**WHAT IS BEING ASKED:** Every line of the entries below that mentions "Square" is to be copied out.

**RECORDS FOR PROCESSING:**

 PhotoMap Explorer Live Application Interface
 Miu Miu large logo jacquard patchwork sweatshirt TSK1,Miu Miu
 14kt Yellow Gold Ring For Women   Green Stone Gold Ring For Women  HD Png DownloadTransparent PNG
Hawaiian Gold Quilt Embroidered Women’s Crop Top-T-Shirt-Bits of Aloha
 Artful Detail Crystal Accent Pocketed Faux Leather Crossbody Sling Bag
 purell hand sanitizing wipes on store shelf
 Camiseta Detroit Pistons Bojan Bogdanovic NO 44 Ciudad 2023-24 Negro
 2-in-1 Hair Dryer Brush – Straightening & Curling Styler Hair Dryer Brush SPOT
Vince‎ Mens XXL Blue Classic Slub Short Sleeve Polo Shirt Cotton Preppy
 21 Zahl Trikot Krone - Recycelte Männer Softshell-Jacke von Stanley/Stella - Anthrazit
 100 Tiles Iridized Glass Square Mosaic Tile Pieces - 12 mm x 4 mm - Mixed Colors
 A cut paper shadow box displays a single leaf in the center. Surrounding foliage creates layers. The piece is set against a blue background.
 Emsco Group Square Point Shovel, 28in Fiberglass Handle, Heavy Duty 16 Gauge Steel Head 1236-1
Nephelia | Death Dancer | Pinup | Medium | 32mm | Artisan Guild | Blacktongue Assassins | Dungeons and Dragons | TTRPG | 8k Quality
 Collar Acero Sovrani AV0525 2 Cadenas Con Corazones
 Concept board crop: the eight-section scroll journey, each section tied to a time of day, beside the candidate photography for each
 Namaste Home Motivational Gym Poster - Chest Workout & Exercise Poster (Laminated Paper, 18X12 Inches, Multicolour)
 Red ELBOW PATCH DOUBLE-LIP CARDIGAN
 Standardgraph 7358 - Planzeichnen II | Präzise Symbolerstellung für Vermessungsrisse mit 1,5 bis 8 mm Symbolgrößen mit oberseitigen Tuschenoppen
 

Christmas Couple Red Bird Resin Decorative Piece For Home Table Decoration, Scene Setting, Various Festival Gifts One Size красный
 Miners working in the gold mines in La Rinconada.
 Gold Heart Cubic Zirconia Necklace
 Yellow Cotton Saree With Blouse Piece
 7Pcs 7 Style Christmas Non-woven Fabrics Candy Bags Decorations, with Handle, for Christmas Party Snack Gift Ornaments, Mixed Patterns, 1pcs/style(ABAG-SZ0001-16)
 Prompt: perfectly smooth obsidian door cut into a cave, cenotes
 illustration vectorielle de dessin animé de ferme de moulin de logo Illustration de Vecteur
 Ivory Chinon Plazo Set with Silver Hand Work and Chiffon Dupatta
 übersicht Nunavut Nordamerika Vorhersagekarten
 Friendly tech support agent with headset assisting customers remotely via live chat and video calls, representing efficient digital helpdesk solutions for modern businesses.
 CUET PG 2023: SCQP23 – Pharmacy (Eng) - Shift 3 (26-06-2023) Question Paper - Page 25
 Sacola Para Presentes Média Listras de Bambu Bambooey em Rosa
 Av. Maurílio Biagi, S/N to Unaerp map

**YOUR RESPONSE:**
 100 Tiles Iridized Glass Square Mosaic Tile Pieces - 12 mm x 4 mm - Mixed Colors
 Emsco Group Square Point Shovel, 28in Fiberglass Handle, Heavy Duty 16 Gauge Steel Head 1236-1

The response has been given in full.